▶ **TRY IT**
What you write must be the listing below in full, word for word, minus its pictures.

▶ **RECORDED INFORMATION**

※ ※ ※

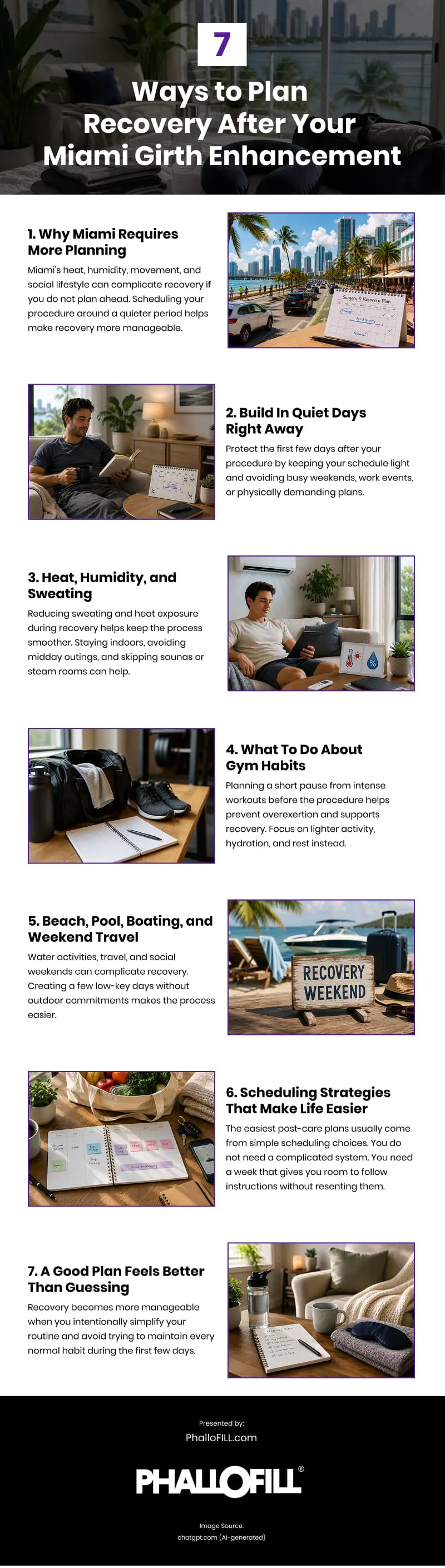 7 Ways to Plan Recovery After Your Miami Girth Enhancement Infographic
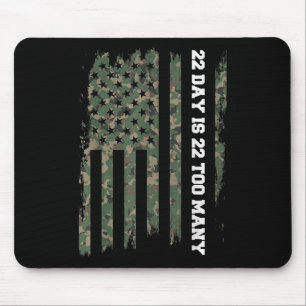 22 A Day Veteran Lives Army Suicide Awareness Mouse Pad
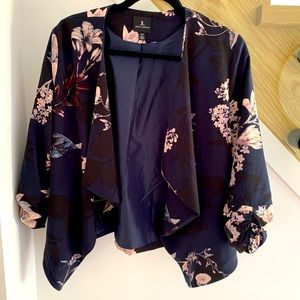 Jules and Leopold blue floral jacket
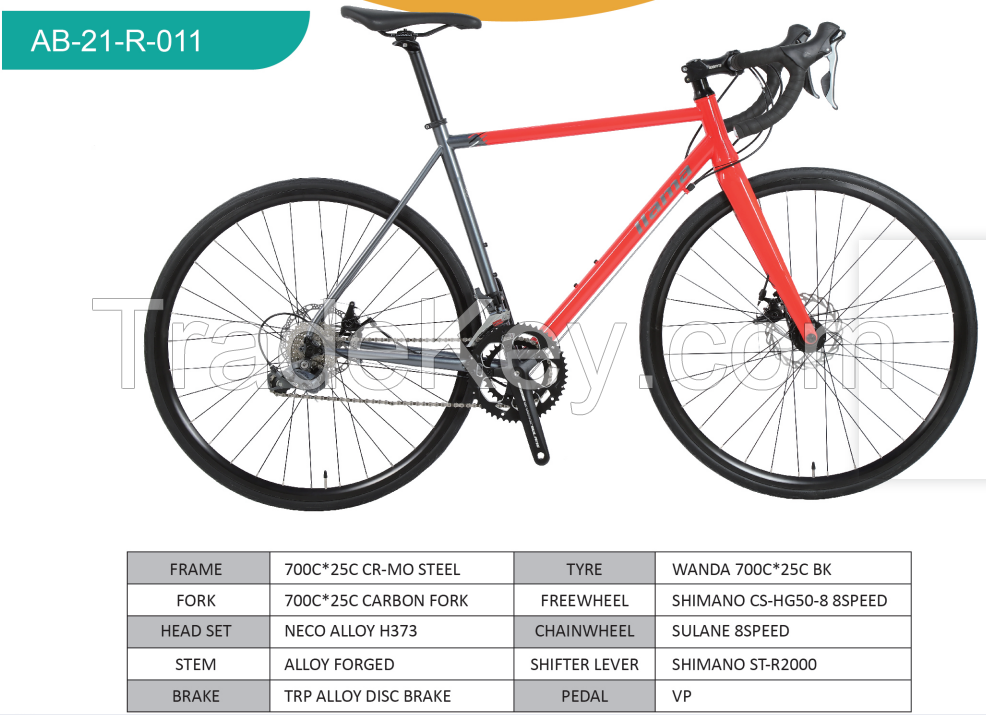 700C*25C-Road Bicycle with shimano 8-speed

※ ※ ※

▶ **EXERCISE RESPONSE**
 7 Ways to Plan Recovery After Your Miami Girth Enhancement Infographic
 22 A Day Veteran Lives Army Suicide Awareness Mouse Pad
 Jules and Leopold blue floral jacket
 700C*25C-Road Bicycle with shimano 8-speed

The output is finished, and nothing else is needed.